[Supplied records — start]

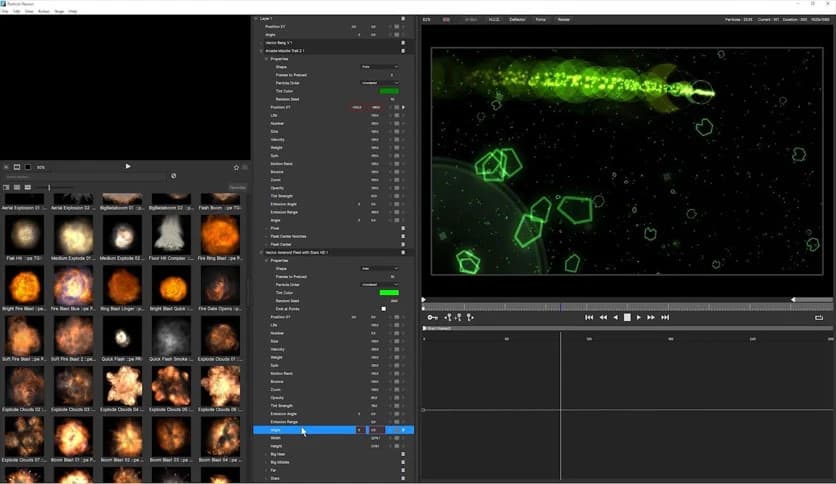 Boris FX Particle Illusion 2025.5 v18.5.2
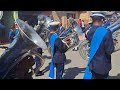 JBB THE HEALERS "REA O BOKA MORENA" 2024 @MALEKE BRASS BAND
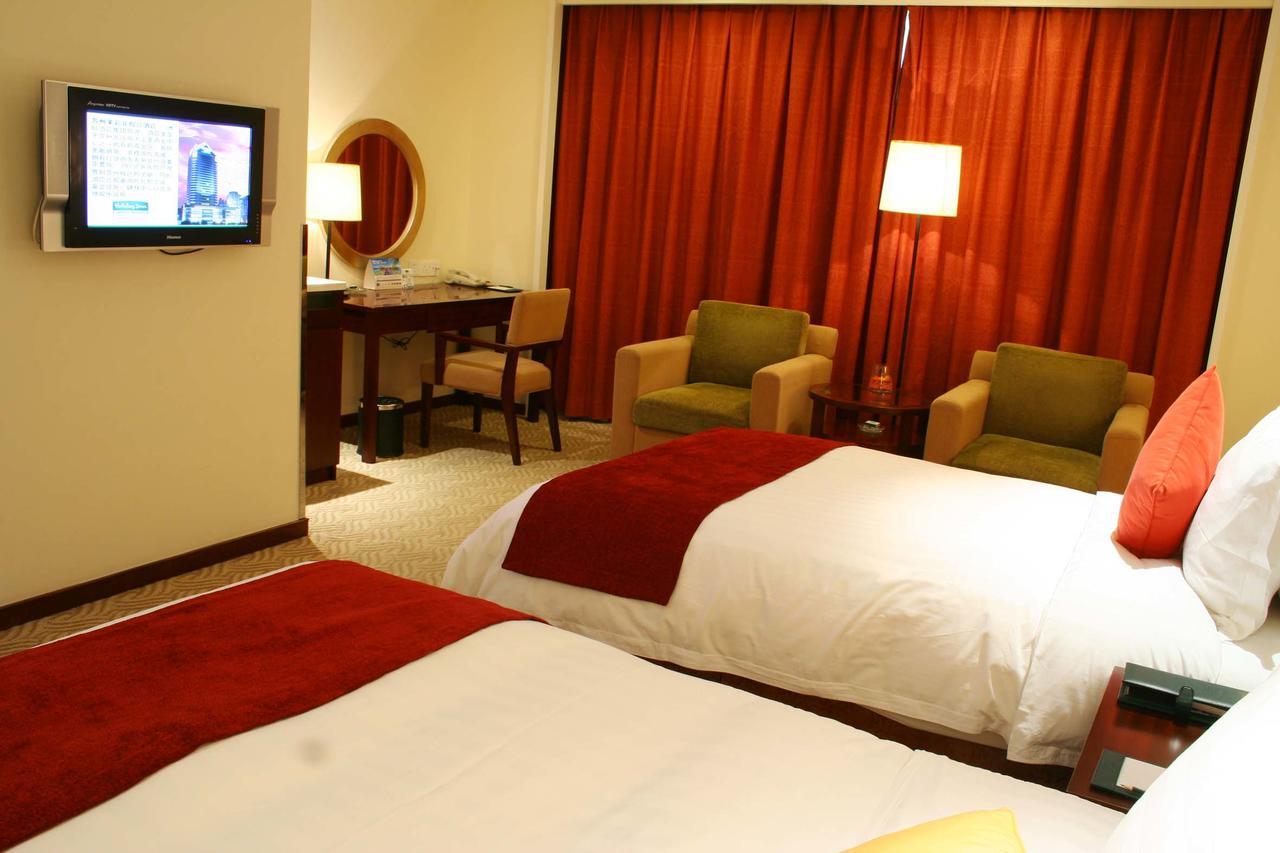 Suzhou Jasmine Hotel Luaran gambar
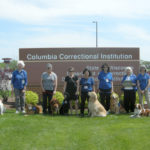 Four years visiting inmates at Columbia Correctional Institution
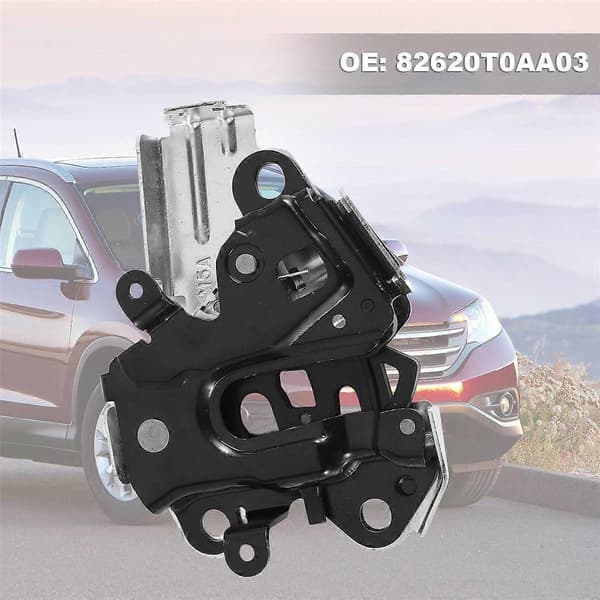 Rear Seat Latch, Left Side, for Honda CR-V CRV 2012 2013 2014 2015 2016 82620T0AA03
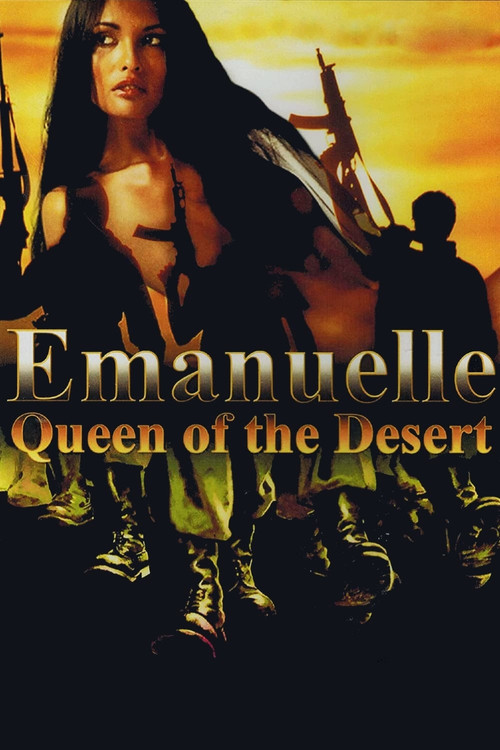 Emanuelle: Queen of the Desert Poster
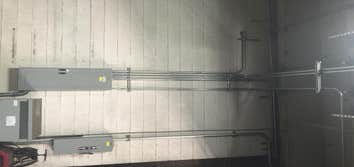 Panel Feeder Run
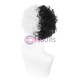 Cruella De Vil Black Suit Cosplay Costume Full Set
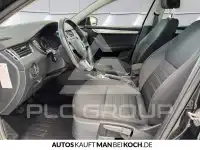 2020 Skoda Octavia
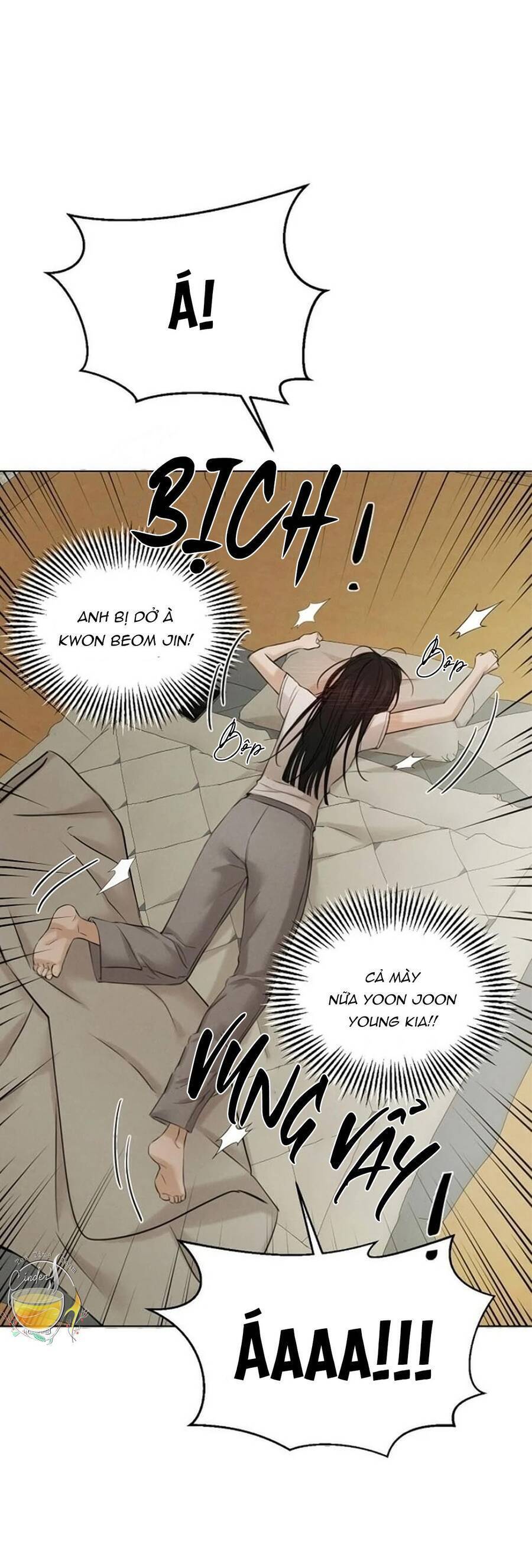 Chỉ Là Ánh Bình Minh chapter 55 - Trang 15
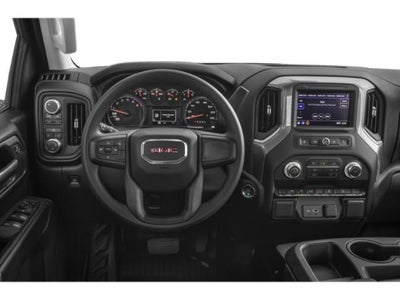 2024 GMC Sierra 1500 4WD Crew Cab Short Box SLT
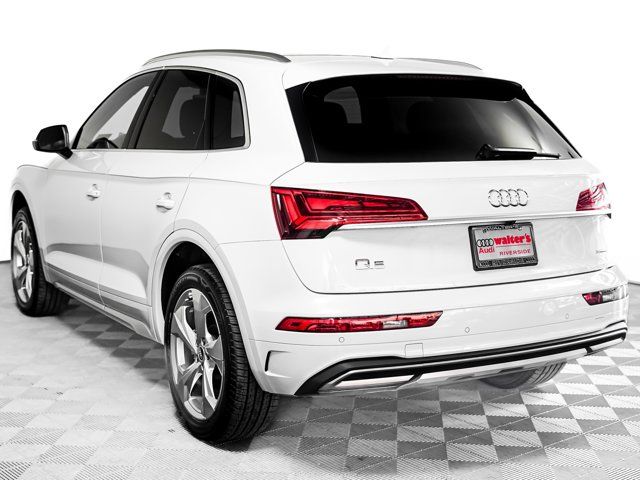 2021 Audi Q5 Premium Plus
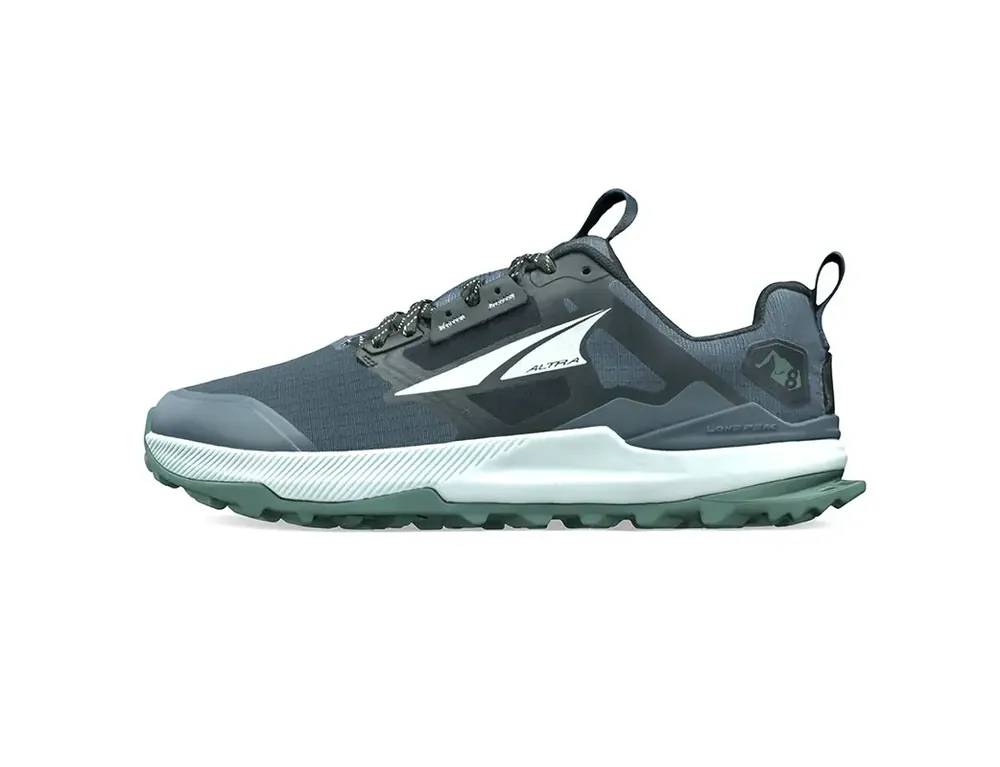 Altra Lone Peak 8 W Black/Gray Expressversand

[Supplied records — finish]

Required work. Only one thing is required here: an exact copy of the lines from the one bearing "2024 GMC Sierra" through the final line above, both included, with pictures left out.

Answer section.
 2024 GMC Sierra 1500 4WD Crew Cab Short Box SLT
 2021 Audi Q5 Premium Plus
 Altra Lone Peak 8 W Black/Gray Expressversand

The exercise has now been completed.